- Born: June 5, 1932 Cleveland, Ohio, U.S.
- Died: April 22, 2013 (aged 80) Los Angeles, California, U.S.
- Education: Los Angeles High School
- Alma mater: Los Angeles City College (dropped out)
- Occupation: businessman
- Known for: Founder of 99 Cents Only Stores

= Dave Gold =

American businessman (1932–2013)

Dave Gold (June 5, 1932 – April 22, 2013) was an American businessman who established the 99 Cents Only chain of discount stores, later also known as The 99 Store.

== Early life ==
Gold was born in Cleveland, Ohio, to Russian Jewish immigrants who operated a general store.

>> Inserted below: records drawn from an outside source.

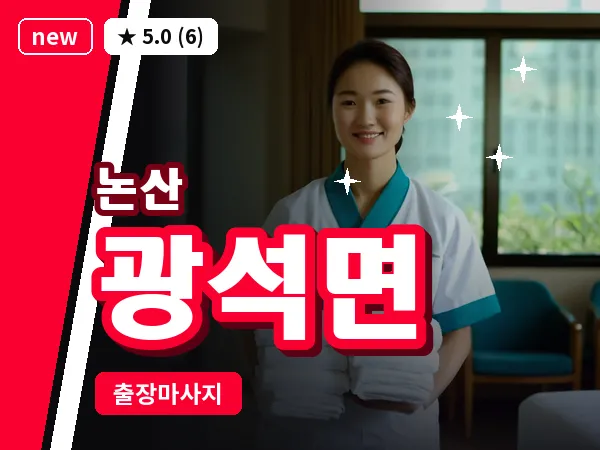 충남 논산시 광석면 출장 근막 마사지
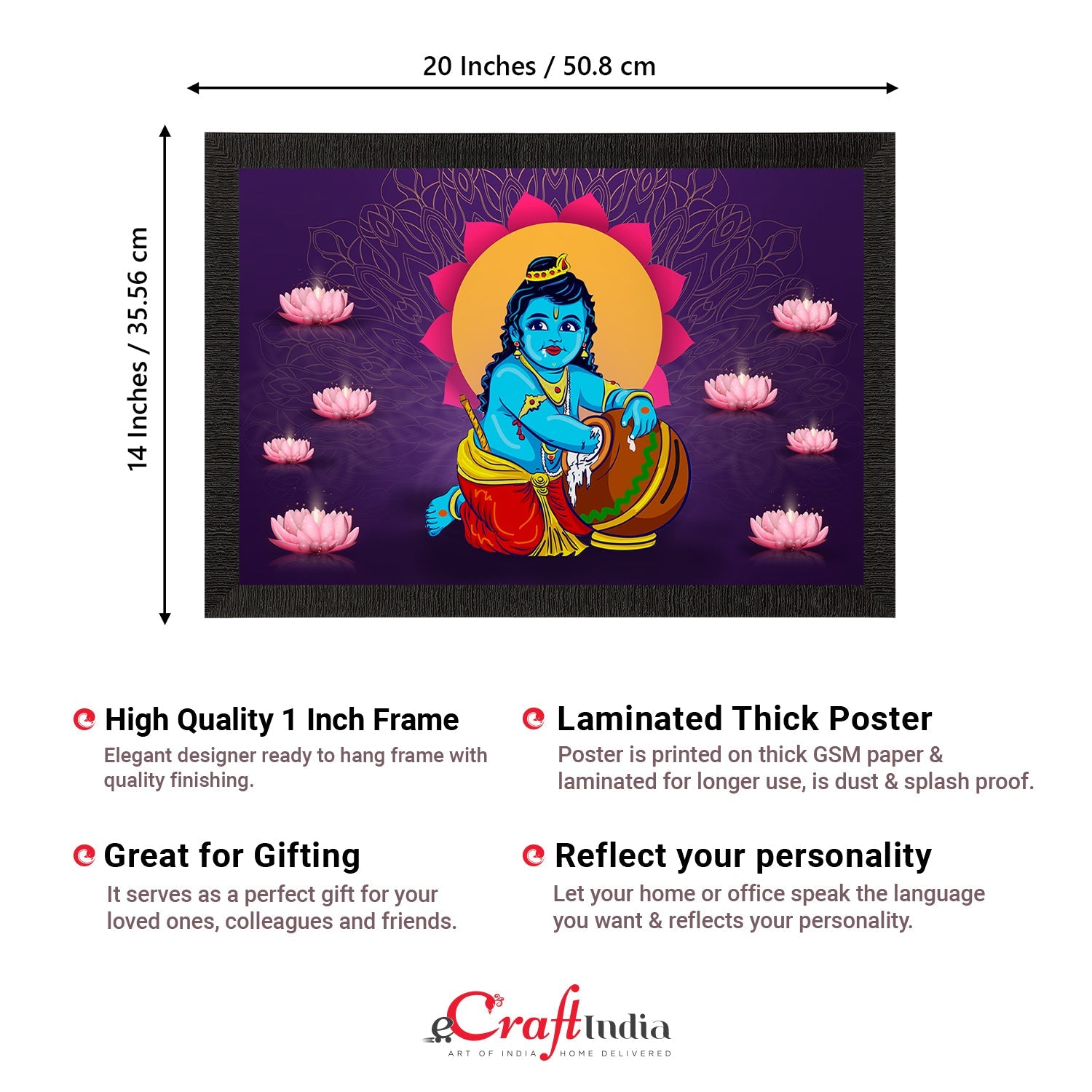 Lord Krishna Satin Matt Texture UV Art Painting Kafalo
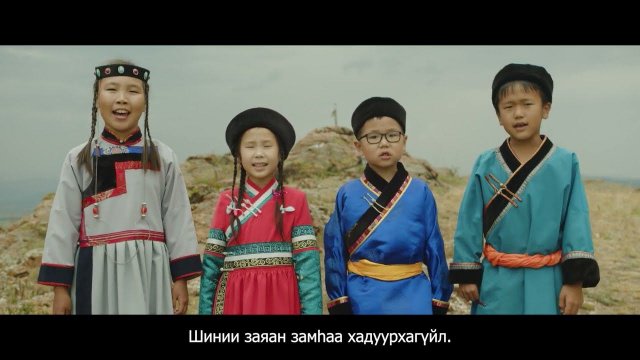 ГИМН БУРЯТИИ - БУРЯАД УЛАСАЙ ТҮРЫН ДУУЛАЛ - на бурятском языке в исполнении детей Мүнгэн хонхонууд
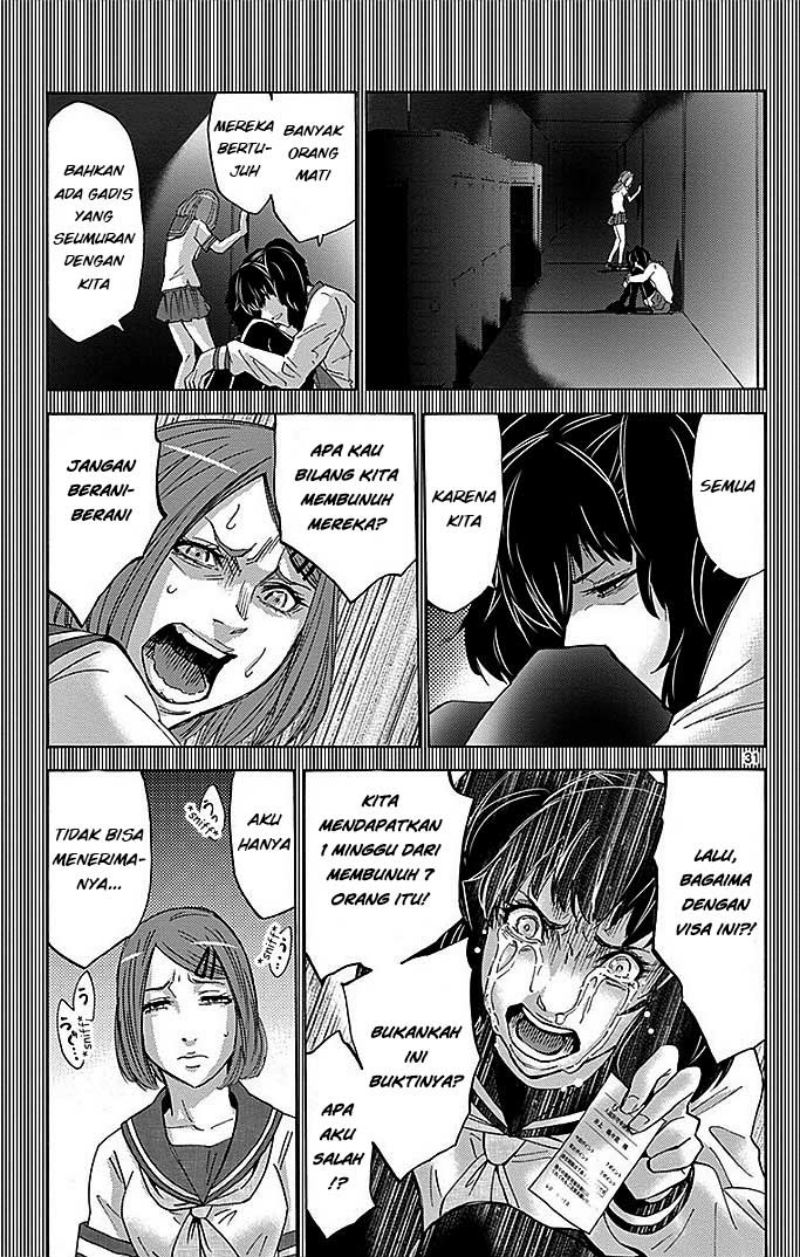 imawa-no-kuni-no-alice - Chapter: 27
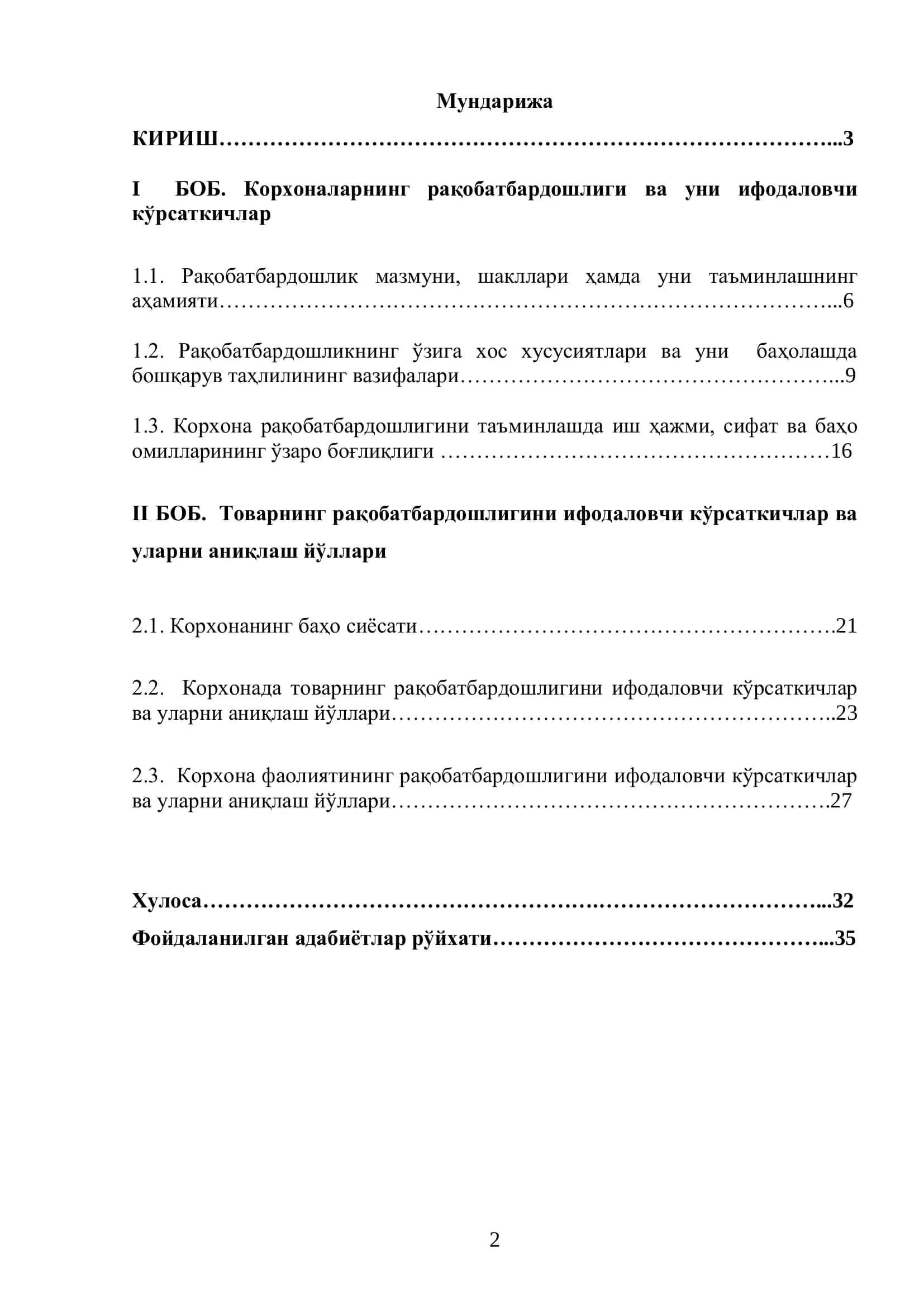 КОРХОНАЛАРНИНГ РАҚОБАТБАРДОШЛИГИ ВА УНИ ИФОДАЛОВЧИ КЎРСАТКИЧЛАРНИ АНИҚЛАШ ВА ТАҲЛИЛ ҚИЛИШ ЙЎЛЛАРИ 2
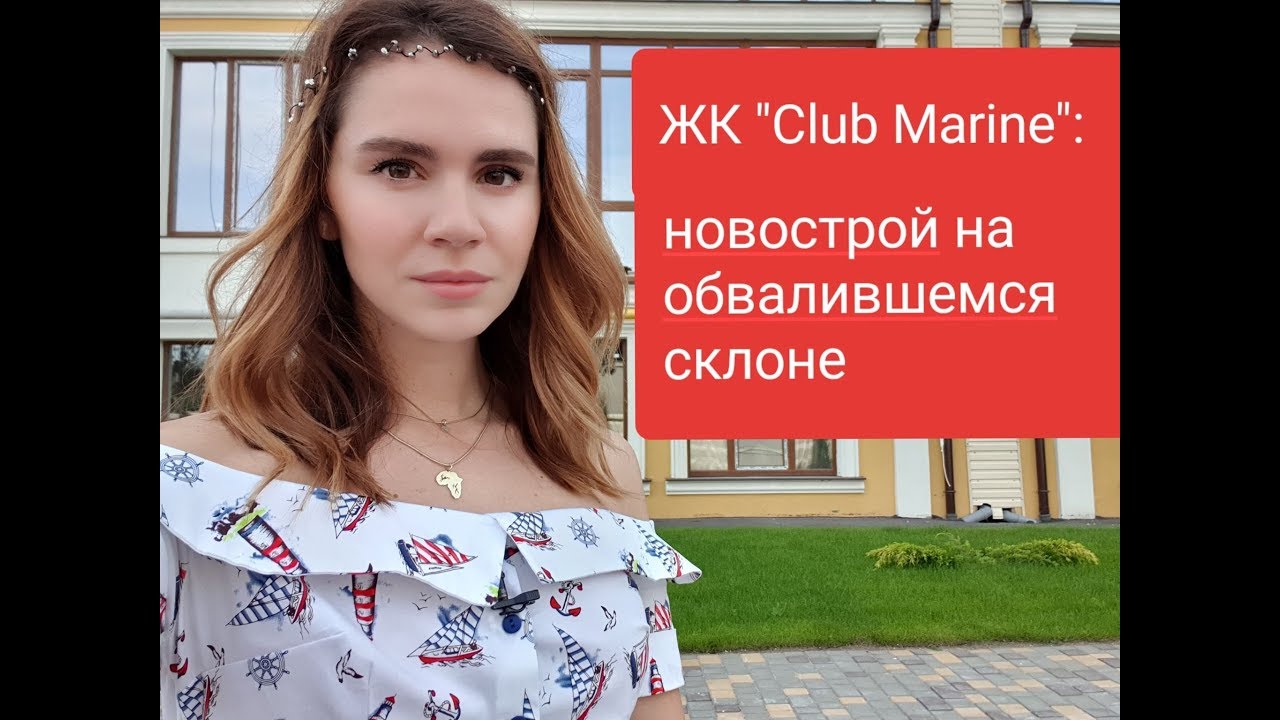 ЖК «Club Marine»: дом на обвалившемся склоне
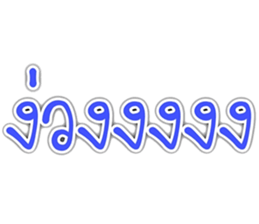 364611211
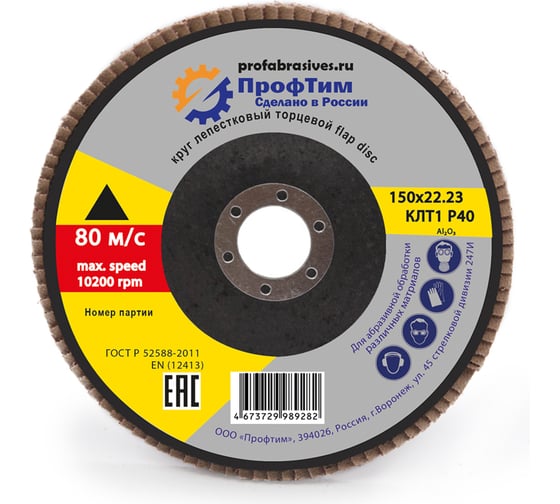 Изображение товара Круг лепестковый торцевой (КЛТ-1) ОА 150x22.2 мм, P40 ПрофТим 4673729989282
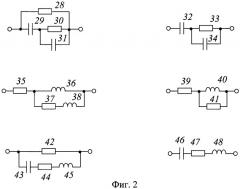Измеритель параметров многоэлементных пассивных двухполюсников (патент 2390787)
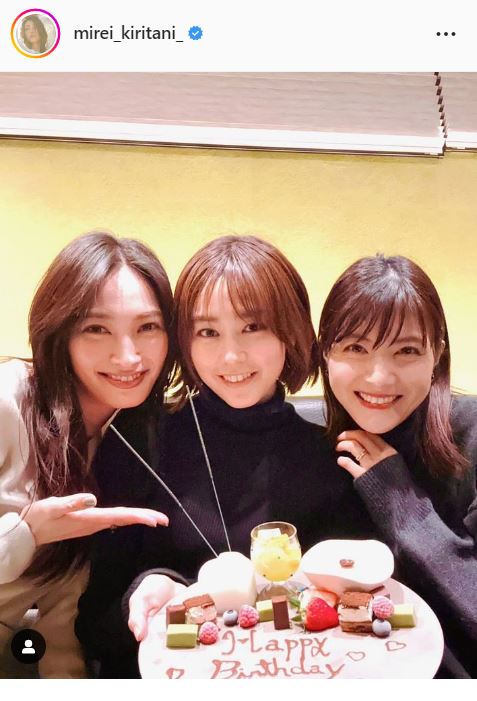 桐谷美玲のインスタグラムより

His family moved to Los Angeles in 1945. Gold graduated from Los Angeles High School and began studies at Los Angeles City College, but dropped out to run his family's liquor store after his father had a heart attack.

== Career ==
Gold opened the first 99 Cents Only store in 1982. At the time, the dollar store concept was considered a retail graveyard for expired or broken products. Gold made his store bright and well organized and cultivated relationships with vendors, sometimes plying them with bagels and cream cheese. 99 Cents went public on the New York Stock Exchange in 1996.

Gold died in his home in the Mid-Wilshire area of Los Angeles from an apparent heart attack.